* ABOUT THIS TASK *
Could you retype the lines below, starting at the line holding "I'm going to" and stopping at the line holding "Hello everyone. I", inclusive? Copy them exactly and drop the images.

* DATASET RECORDS *
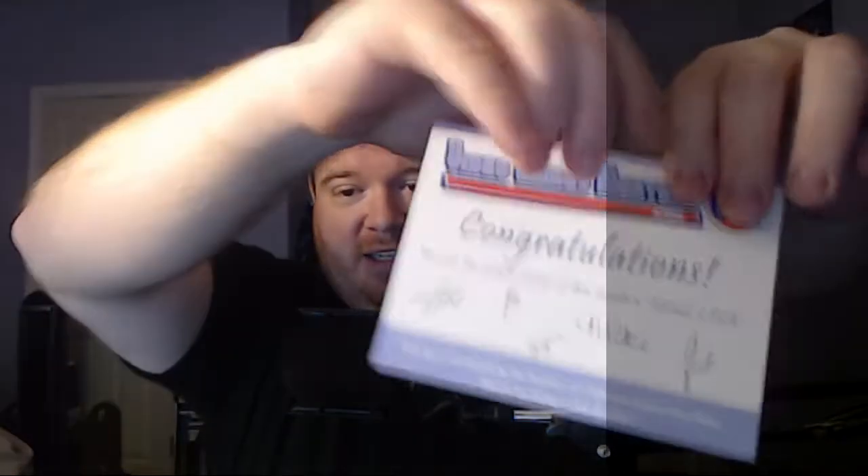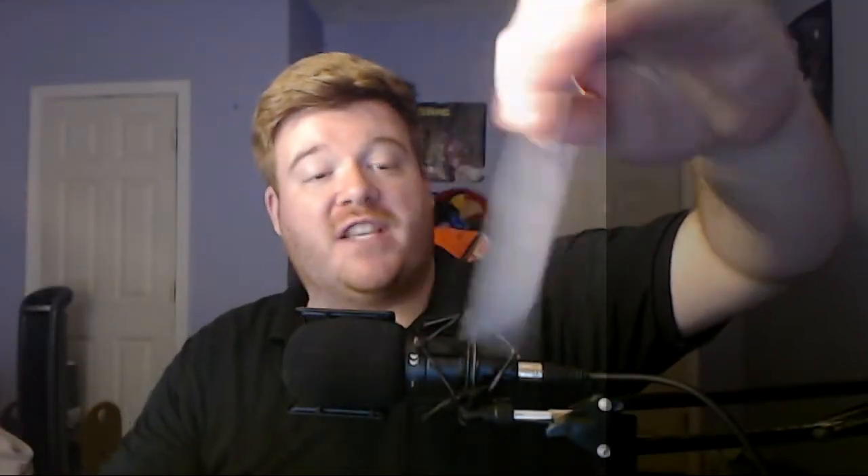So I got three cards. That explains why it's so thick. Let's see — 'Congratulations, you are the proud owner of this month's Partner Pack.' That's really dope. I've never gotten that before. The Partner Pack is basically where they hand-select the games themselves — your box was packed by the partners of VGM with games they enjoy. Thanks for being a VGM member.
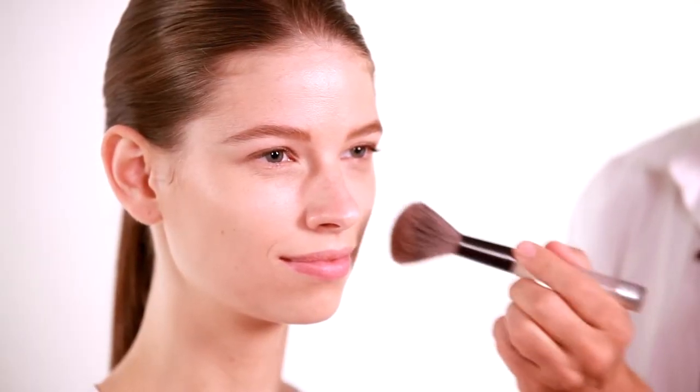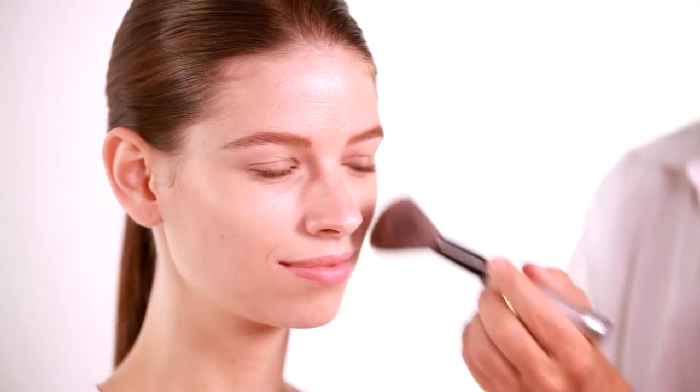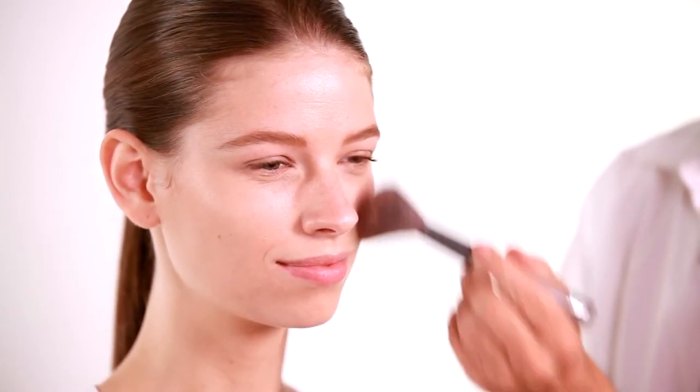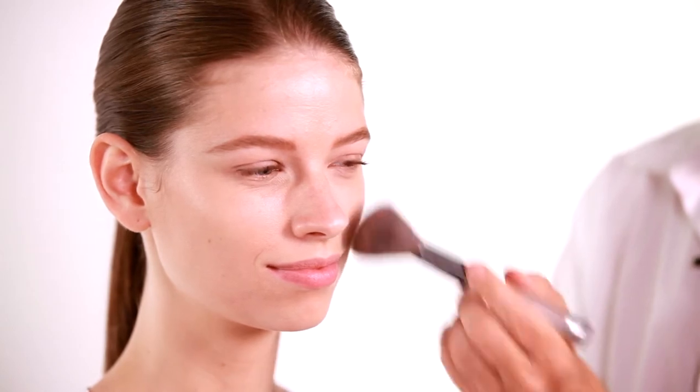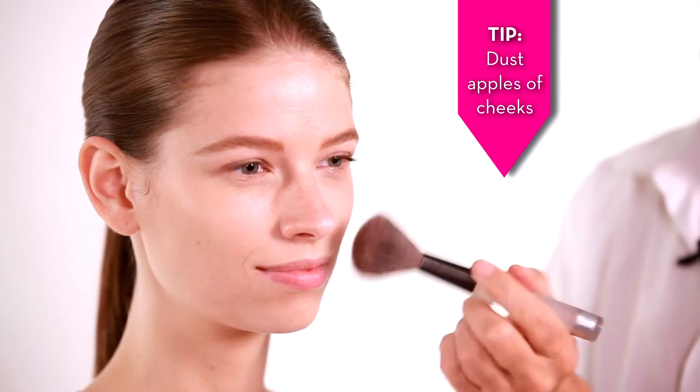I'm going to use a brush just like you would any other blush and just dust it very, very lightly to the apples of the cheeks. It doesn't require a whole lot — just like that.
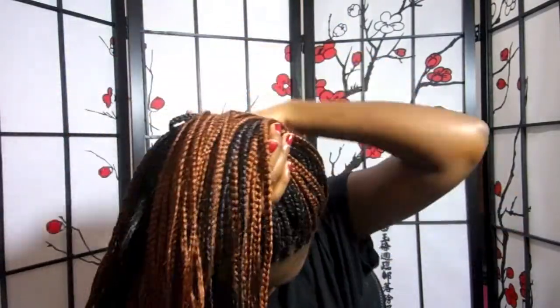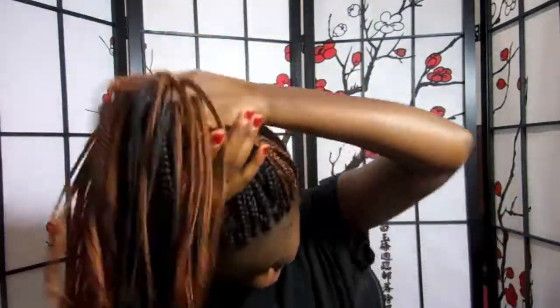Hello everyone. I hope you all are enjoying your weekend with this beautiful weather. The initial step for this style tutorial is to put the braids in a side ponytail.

--

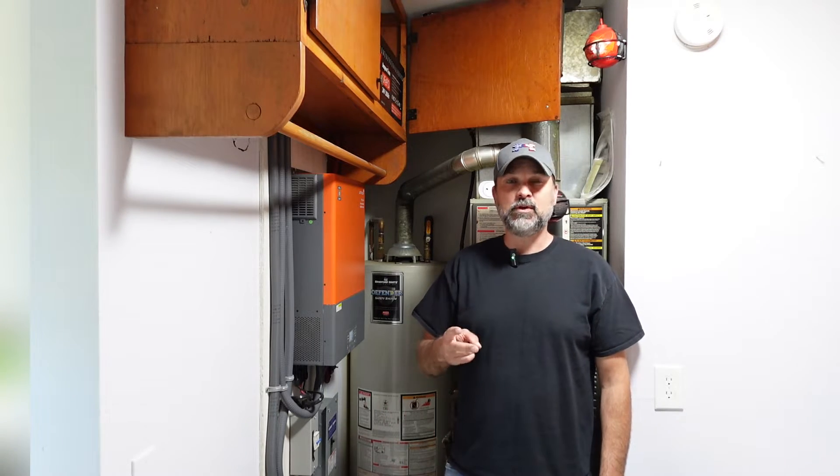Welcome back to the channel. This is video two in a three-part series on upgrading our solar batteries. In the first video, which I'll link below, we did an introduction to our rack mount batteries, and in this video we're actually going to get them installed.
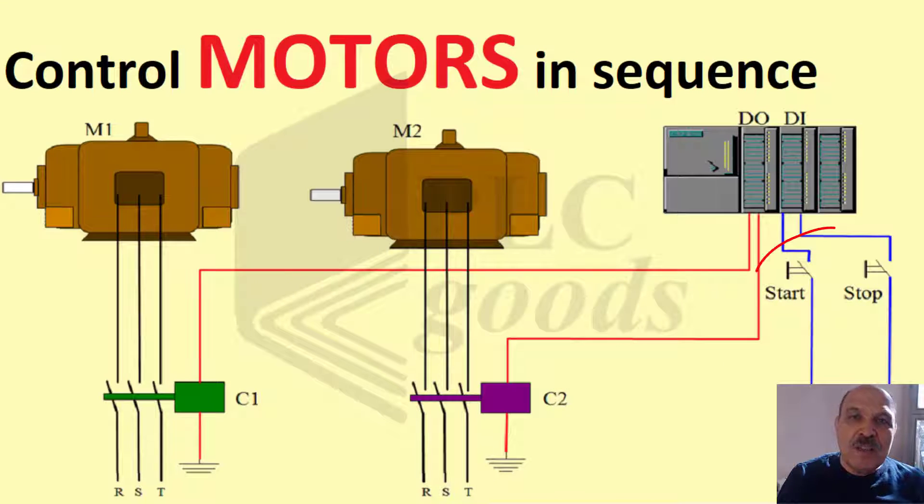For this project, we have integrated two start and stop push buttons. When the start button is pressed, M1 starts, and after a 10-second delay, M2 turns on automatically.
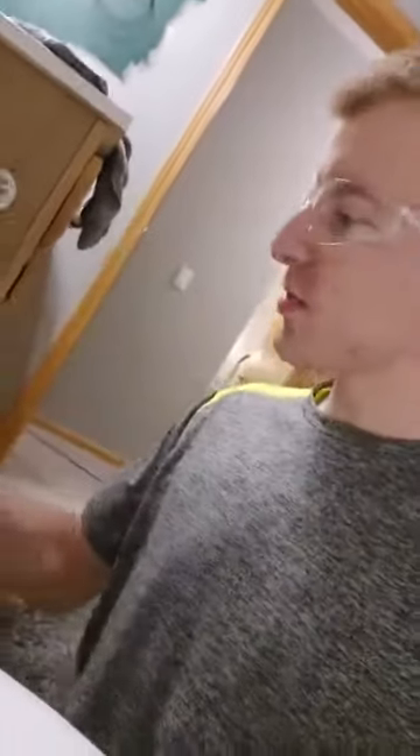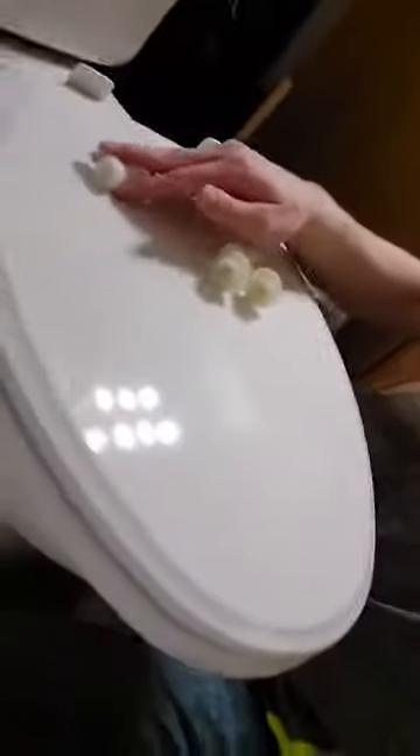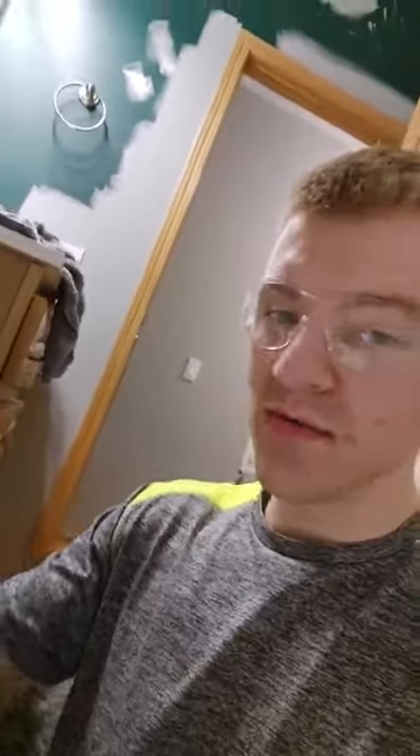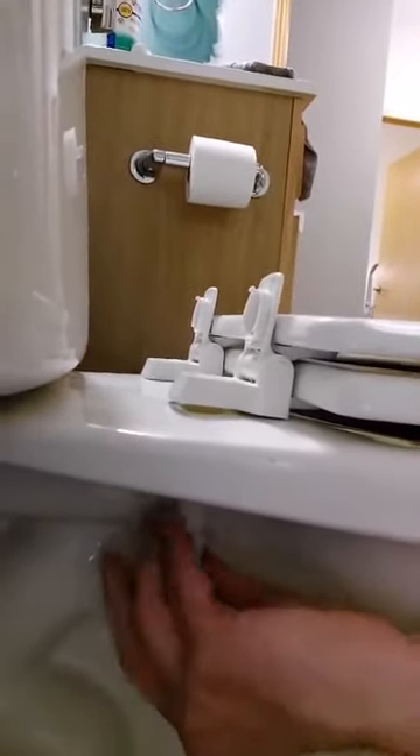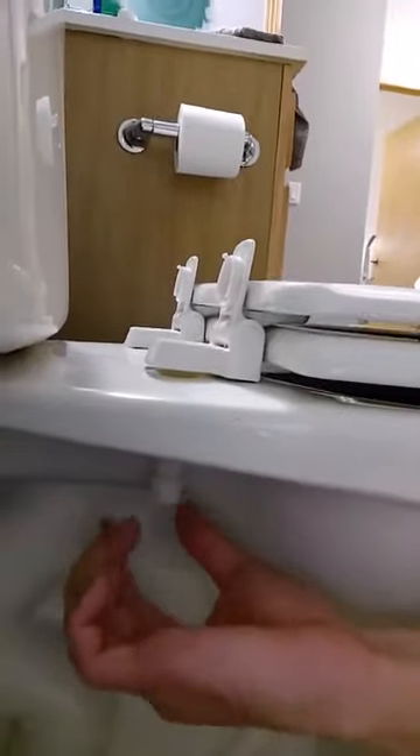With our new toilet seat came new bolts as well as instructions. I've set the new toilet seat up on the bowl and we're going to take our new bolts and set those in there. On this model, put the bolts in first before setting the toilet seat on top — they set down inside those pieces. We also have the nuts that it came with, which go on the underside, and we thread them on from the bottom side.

* WRITTEN ANSWER *
I'm going to use a brush just like you would any other blush and just dust it very, very lightly to the apples of the cheeks. It doesn't require a whole lot — just like that.
Hello everyone. I hope you all are enjoying your weekend with this beautiful weather. The initial step for this style tutorial is to put the braids in a side ponytail.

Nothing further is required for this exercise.